Above Jugglers Artspace on Brunswick Street in Fortitude Valley is a large-scale mural by Brisbane street artist Guido Van Helten. It features a black and white image of a man whose contemplative gaze is directed above and beyond the bustling street and surrounding rooftops. Helten created this tangible image from a photograph and subsequent drawing on paper. Like most of his works, which are painted on water towers, reactors, building facades, and other public spaces around the world, the mural captures the man’s inner essence, and provides a gateway into exploring his story. It is the story Sha Sarwari.
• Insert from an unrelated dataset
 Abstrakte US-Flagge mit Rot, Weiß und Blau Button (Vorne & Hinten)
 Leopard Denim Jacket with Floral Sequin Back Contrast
Sha Sarwari is a former Hazara refugee from the Ghazni province in central Afghanistan. He made the long and treacherous journey to Australia in 1999, and after spending seven months in detention was relocated to Brisbane. It was here that Sha began his practice as a visual artist. He uses this practice to create multifaceted artworks that help him to understand and come to terms with his experiences, as well as to reflect upon the broader social and political issues affecting refugees and asylum seekers.
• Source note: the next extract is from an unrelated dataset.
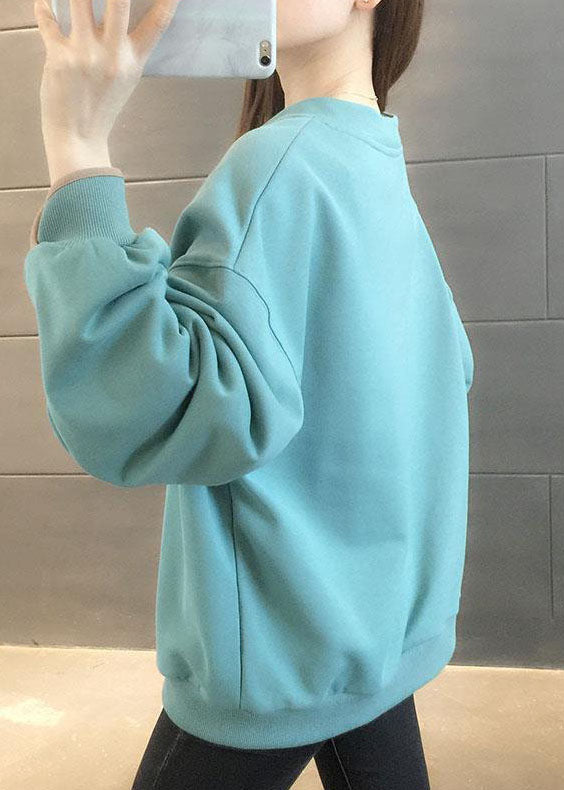 Simple Light Green Button Print Side Open Fall Pullover Street Wear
The multifaceted nature of Sha’s artworks can be seen in his ongoing boat and postcard projects. Here, he took the potent symbol of a boat and recreated it using newspaper and cardboard. When referenced in relation to refugees and asylum seekers, this familiar object conjures up a myriad of catch phrases and headlines such as ‘stop the boats,’ ‘turn the boats around,’ ‘illegal people,’ ‘queue jumpers,’ and ‘security threat.’ The newspapers Sha selected featured these generalised mass media headlines. To counteract their claims and provide a personal insight into the plight of forced migrants, Sha concealed the words with a hand written script of his own story of arriving in Australia and his time in detention. He then took a photograph of this multi-layered object and turned it into a postcard, which he distributed around the suburbs of Brisbane, asking people to return to sender their thoughts on refugees and asylum seekers. The few responses he received were mainly positive, and these were displayed in his 2015 exhibition at Jugglers Artspace, alongside those that remained blank, or as captured in their title, reference a silent conversation. This ongoing process of taking a singular object and recreating it into a series of alternative forms, allows for an endless conversation that reflects the personal and collective complexities and perceptions of refugees and asylum seekers.

The most recent addition to Sha’s project was a ceremonial burning of the paper boat. This overtly symbolic and moving moment occurred in the early hours of the morning on a deserted beach in northern New South Wales. With the light of a full moon, Sha and his wife Affifa dragged the boat onto the beach, and as the sun began to rise, covered it in turps, set it alight, and watched it burn. This powerful act encompassed Sha’s journey to Australia, where there were boats, destruction, flames, and fire. Despite this, it was an incredibly peaceful and contemplative process that allowed Sha to come to terms with what happened, let some of the pieces go, but never forget them. He captured this inability to forget through collecting jars of ash, which will now be used to continue the project.

Art is a powerful medium for both reflecting reality and imagining an alternative. It is the space or tension between these states, where the transformative ability of art lies. This tension is not only seen in the burning of the boat, but in Helten’s mural. The painting, which was created from a photograph and drawing on paper, references both the paper boat and the layered nature of Sha’s art practice. Helten creased and folded the drawing of Sha into an origami boat. The delicate construction was then unfolded, and it is this image, with its intimate creases and folds, that Helten recreates in his mural. The process of unfolding, similar to that of burning, marks a coming to terms with, exploring, discovering, and letting go, and yet, the presence of the paper’s crinkly surface, like the ash that remains from the boat, reveals that our experiences can never be forgotten, but instead become part of who we are.

Helten’s mural captures the personal story of Sha Sarwari – a story that refugees and asylum seekers can both relate to, and use as a symbol of hope as they embark on a journey to create a new life in a foreign land.